In [1]:
from datasets import concatenate_datasets, load_from_disk
from transformers import BasicTokenizer, BertForSequenceClassification, BertTokenizer
import kagglehub
import torch
import base

[nltk_data] Downloading package averaged_perceptron_tagger to
[nltk_data]     /home/jovyan/nltk_data...
[nltk_data]   Package averaged_perceptron_tagger is already up-to-
[nltk_data]       date!
[nltk_data] Downloading package punkt to /home/jovyan/nltk_data...
[nltk_data]   Package punkt is already up-to-date!
[nltk_data] Downloading package punkt_tab to /home/jovyan/nltk_data...
[nltk_data]   Package punkt_tab is already up-to-date!
[nltk_data] Downloading package averaged_perceptron_tagger_eng to
[nltk_data]     /home/jovyan/nltk_data...
[nltk_data]   Package averaged_perceptron_tagger_eng is already up-to-
[nltk_data]       date!


In [2]:
my_glove = kagglehub.dataset_download("thanakomsn/glove6b300dtxt")
print(my_glove)

/home/jovyan/.cache/kagglehub/datasets/thanakomsn/glove6b300dtxt/versions/1


In [3]:
GLOVE_FILE = f"{my_glove}/glove.6B.300d.txt"
DATASET = "dbpedia"

In [83]:
train_data = load_from_disk(f"~/data/{DATASET}/train-logits")
eval_data = load_from_disk(f"~/data/{DATASET}/eval-logits")
test_data = load_from_disk(f"~/data/{DATASET}/test-logits")

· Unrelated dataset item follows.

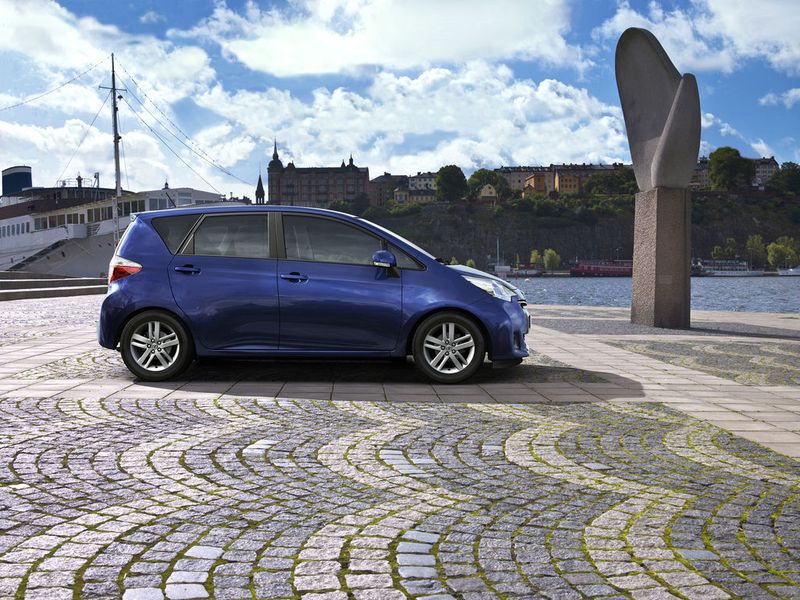 Der neue Verso-S ist 3,99 Meter lang. Die Designer haben sich für kurze Überhänge vorn und hinten entschieden. (Archiv: Vogel Business Media)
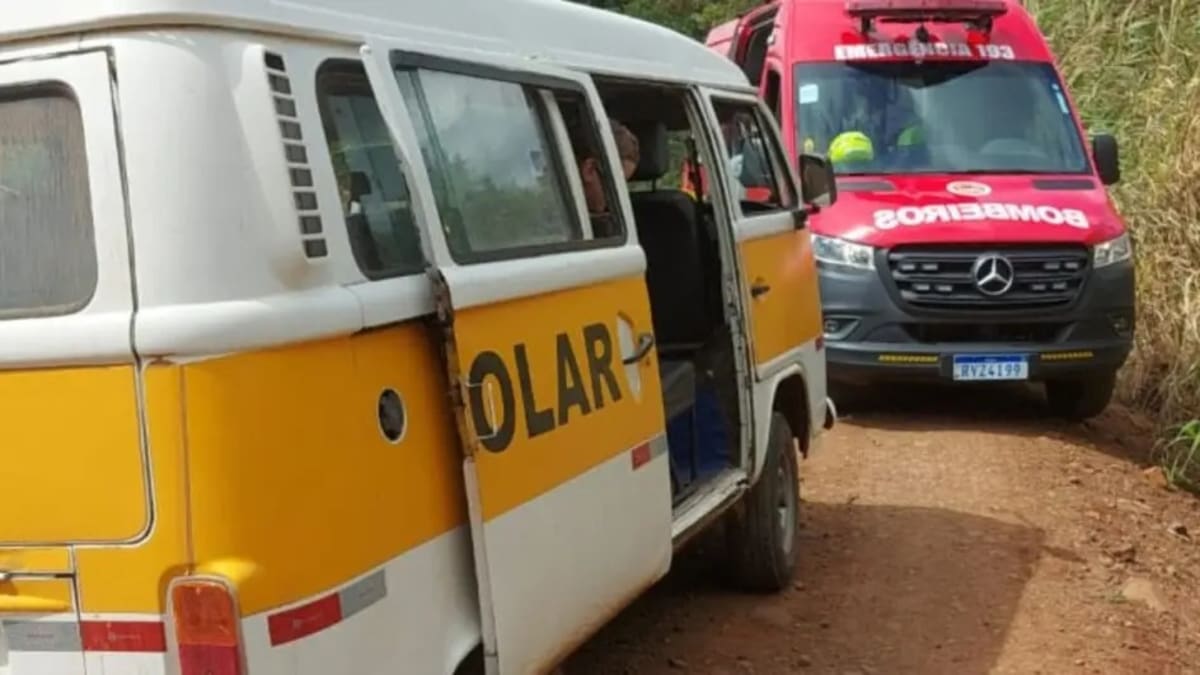 Criança de cinco anos fica ferida após cair de Kombi escolar em Quilombo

all_train_data = load_from_disk(f"~/data/{DATASET}/train-logits-augmented")

all_data = concatenate_datasets([load_from_disk(file) for file in [f"~/data/{DATASET}/eval-logits", f"~/data/{DATASET}/test-logits", f"~/data/{DATASET}/train-logits-augmented"]])
tokenizer = BasicTokenizer(do_lower_case=True)
teacher_tokenizer = BertTokenizer.from_pretrained("fabriceyhc/bert-base-uncased-dbpedia_14")

In [5]:
if torch.cuda.is_available():
    device = torch.device("cuda")
    print("GPU is available and will be used:", torch.cuda.get_device_name(0))
else:
    device = torch.device("cpu")
    print("GPU is not available, using CPU.")

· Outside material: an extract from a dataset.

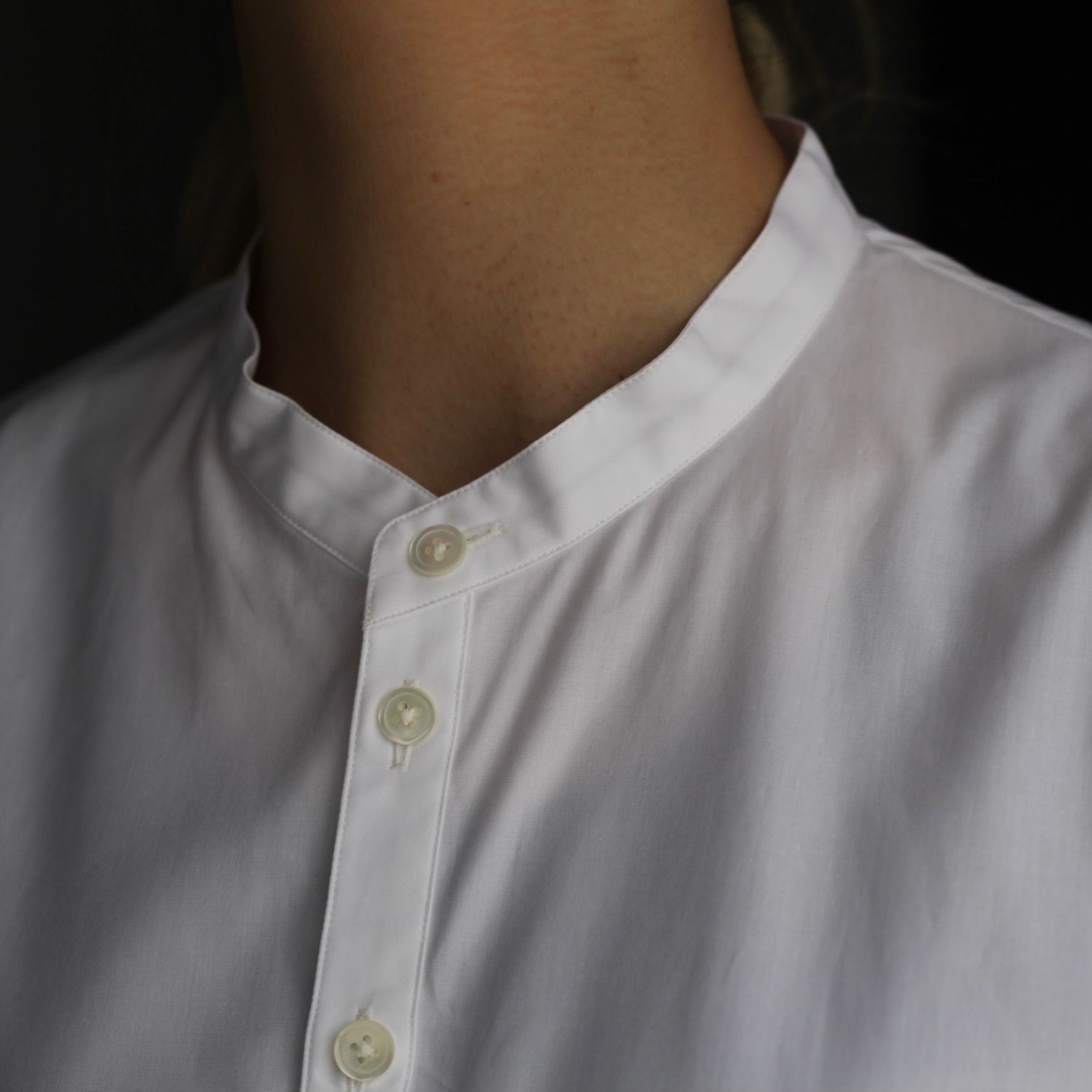 ATON - 【残りわずか】Suvin Broad Band Collar Shirt | ACRMTSM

GPU is available and will be used: NVIDIA A100 80GB PCIe MIG 2g.20gb


In [6]:
train_data_tokens = list(map(lambda e: tokenizer.tokenize(e["sentence"]), train_data))
eval_data_tokens = list(map(lambda e: tokenizer.tokenize(e["sentence"]), eval_data))
test_data_tokens = list(map(lambda e: tokenizer.tokenize(e["sentence"]), test_data))

all_train_data_tokens = list(map(lambda e: tokenizer.tokenize(e["sentence"]), all_train_data))

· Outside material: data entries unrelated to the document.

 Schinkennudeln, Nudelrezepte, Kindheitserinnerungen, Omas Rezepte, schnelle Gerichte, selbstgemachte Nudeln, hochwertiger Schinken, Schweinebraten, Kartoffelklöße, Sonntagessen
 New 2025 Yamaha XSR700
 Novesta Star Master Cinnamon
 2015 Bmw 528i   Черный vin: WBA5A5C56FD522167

all_data_tokens = list(map(lambda e: tokenizer.tokenize(e["sentence"]), all_data))

In [7]:
vocab = base.get_vocab(all_data_tokens)

In [8]:
word_index = dict(zip(vocab, range(len(vocab))))

In [9]:
embeddings_index = base.get_embeddings_indeces(GLOVE_FILE)

Found 400000 word vectors.


In [10]:
print(len(vocab))
num_tokens = len(vocab) + 2
embedding_dim = 300

691158


In [11]:
embedding_matrix = base.get_embedding_matrix(num_tokens, embedding_dim, word_index, embeddings_index)

Converted 212978 words (478180) misses


In [12]:
train_data_index = list(map(lambda x: list(map(lambda y: word_index[y], x)),train_data_tokens))
eval_data_index = list(map(lambda x: list(map(lambda y: word_index[y], x)),eval_data_tokens))
test_data_index = list(map(lambda x: list(map(lambda y: word_index[y], x)),test_data_tokens))

all_train_data_index = list(map(lambda x: list(map(lambda y: word_index[y], x)),all_train_data_tokens))

In [13]:
train_padded_data = list(map(lambda x: base.padd(x,60), train_data_index))
eval_padded_data = list(map(lambda x: base.padd(x,60), eval_data_index))
test_padded_data = list(map(lambda x: base.padd(x,60), test_data_index))

all_train_padded_data = list(map(lambda x: base.padd(x,60), all_train_data_index))

In [14]:
train_teacher_data = base.prepare_dataset_teacher(train_data, teacher_tokenizer)
eval_teacher_data = base.prepare_dataset_teacher(eval_data, teacher_tokenizer)
test_teacher_data = base.prepare_dataset_teacher(test_data, teacher_tokenizer)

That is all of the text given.